Sex Talk Starters
Many parents plan to talk about sex with their children but somehow just never manage to bring up the subject. The reality is, your child will learn about sex, either from you, or from someone else. The following are some pointers to help make the discussion easier.
- Clearly communicate your values and expectations about sex and intimacy . Explain your values in a caring, yet firm way and look for opportunities to repeat the message. Setting high standards based on your personal values and those of your faith community will make an impression that facts and figures alone cannot make. Tell your children what you believe they are capable of; their actions will often rise to meet your expectations.
- Make sure your actions match your words. It is important to model positive relationships and healthy habits, not just talk about them. Your child will respect your opinions and advice the most if you are a good role model.
- Encourage open communication about sex at a young age. Talking about sex, puberty and relationships will be easier if you begin early and continue communicating as your child matures. Start using the correct names for body parts and answering basic questions such as Where do babies come from? as simply and honestly as possible at a young age. Keep communication open by initiating conversations about sex and relationships as the topics arise in the media, or with friends and family.

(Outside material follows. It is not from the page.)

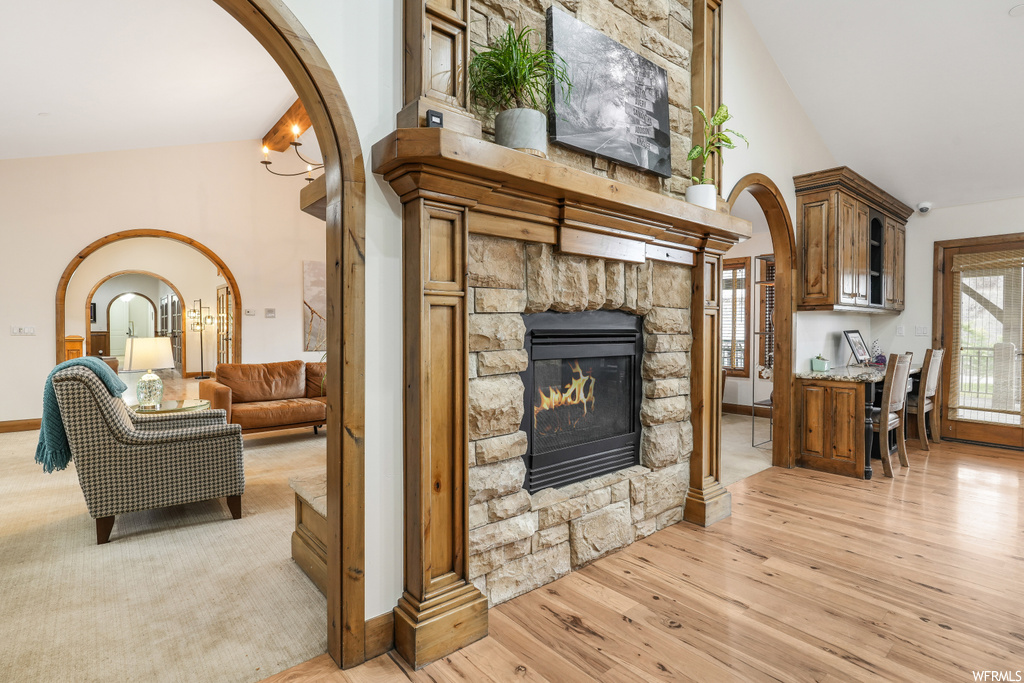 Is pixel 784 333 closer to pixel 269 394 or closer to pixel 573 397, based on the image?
pixel 573 397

- Be accessible, approachable and willing to listen. Showing respect for your child by listening is a good way to open up communication. If you make a habit of listening to your child and inquiring about the little things like schools, friends and activities, your child will be more likely to come to you with questions and concerns about sex and other tough issues. Honest answers build a foundation for your child to see you as the resource for sexual information in the future.
- Make information available. Have adolescent-friendly books, videos and pamphlets around the house for your children to review when they choose. Remember, the less you push, the more likely they are to seek out answers to their questions.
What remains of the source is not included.